■ **TASK**
Only the pictures are to be omitted; every entry beneath should otherwise be duplicated exactly.

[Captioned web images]
◆ ◆ ◆ ◆ ◆ ◆ ◆

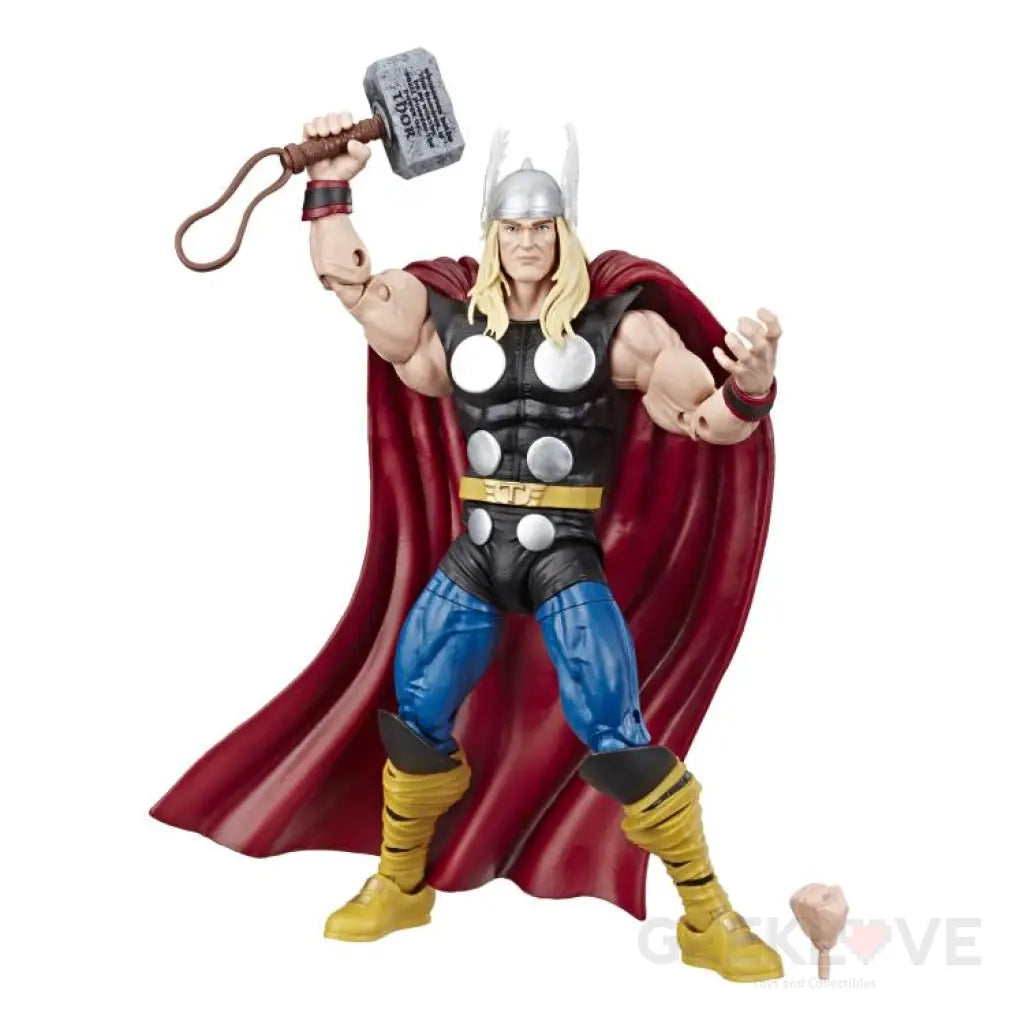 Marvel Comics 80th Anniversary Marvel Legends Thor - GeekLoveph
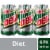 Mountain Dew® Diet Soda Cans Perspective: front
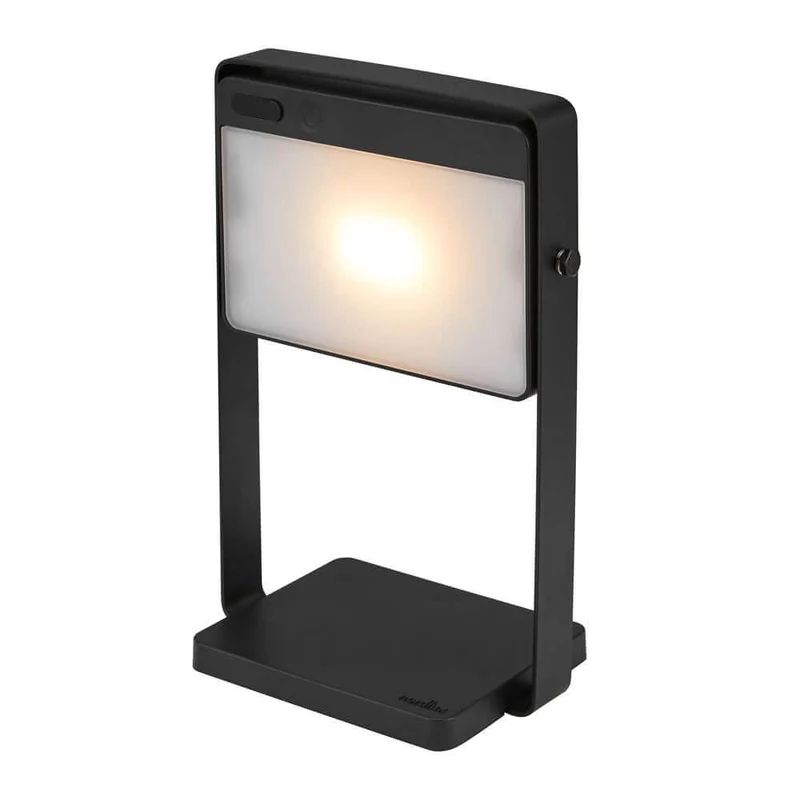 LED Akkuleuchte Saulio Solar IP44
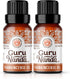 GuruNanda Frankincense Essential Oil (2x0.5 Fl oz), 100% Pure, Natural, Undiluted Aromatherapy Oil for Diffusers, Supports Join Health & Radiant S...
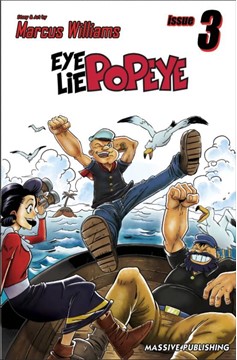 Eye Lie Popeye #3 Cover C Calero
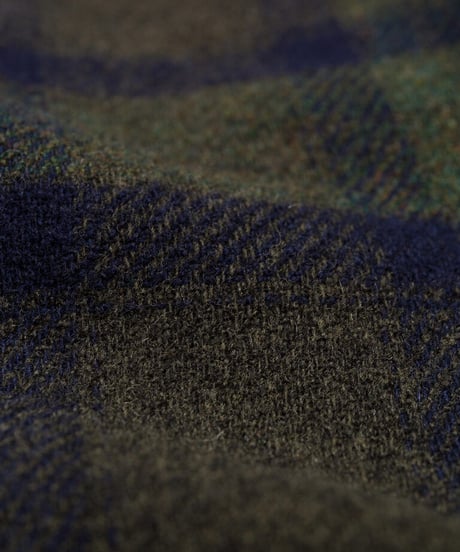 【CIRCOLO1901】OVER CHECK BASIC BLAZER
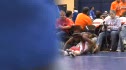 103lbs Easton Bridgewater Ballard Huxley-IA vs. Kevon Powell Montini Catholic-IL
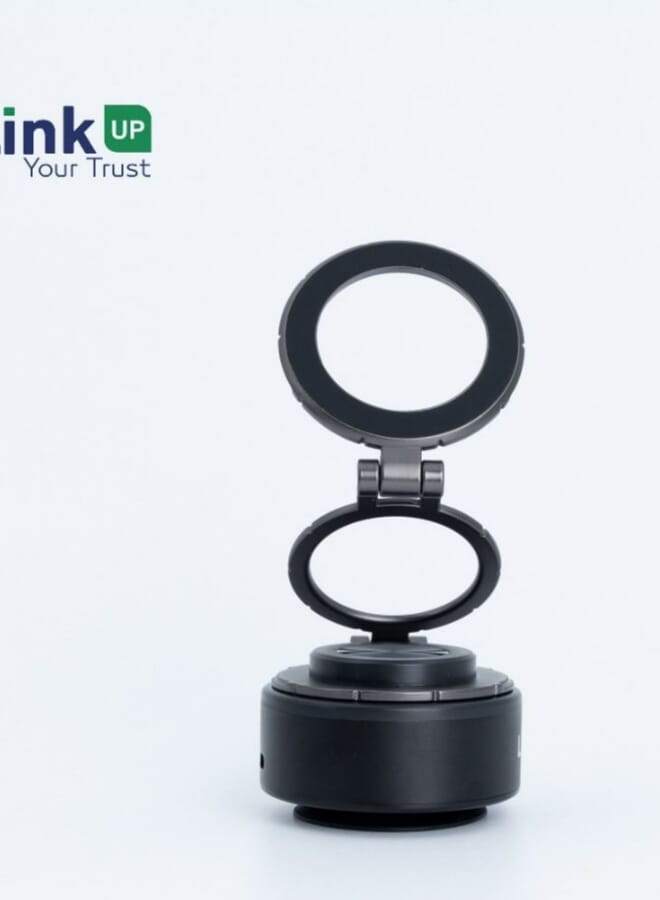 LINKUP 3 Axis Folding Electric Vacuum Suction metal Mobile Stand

◆ ◆ ◆ ◆ ◆ ◆ ◆

■ **EXPECTED ANSWER**
 Marvel Comics 80th Anniversary Marvel Legends Thor - GeekLoveph
 Mountain Dew® Diet Soda Cans Perspective: front
 LED Akkuleuchte Saulio Solar IP44
 GuruNanda Frankincense Essential Oil (2x0.5 Fl oz), 100% Pure, Natural, Undiluted Aromatherapy Oil for Diffusers, Supports Join Health & Radiant S...
 Eye Lie Popeye #3 Cover C Calero
 【CIRCOLO1901】OVER CHECK BASIC BLAZER
 103lbs Easton Bridgewater Ballard Huxley-IA vs. Kevon Powell Montini Catholic-IL
 LINKUP 3 Axis Folding Electric Vacuum Suction metal Mobile Stand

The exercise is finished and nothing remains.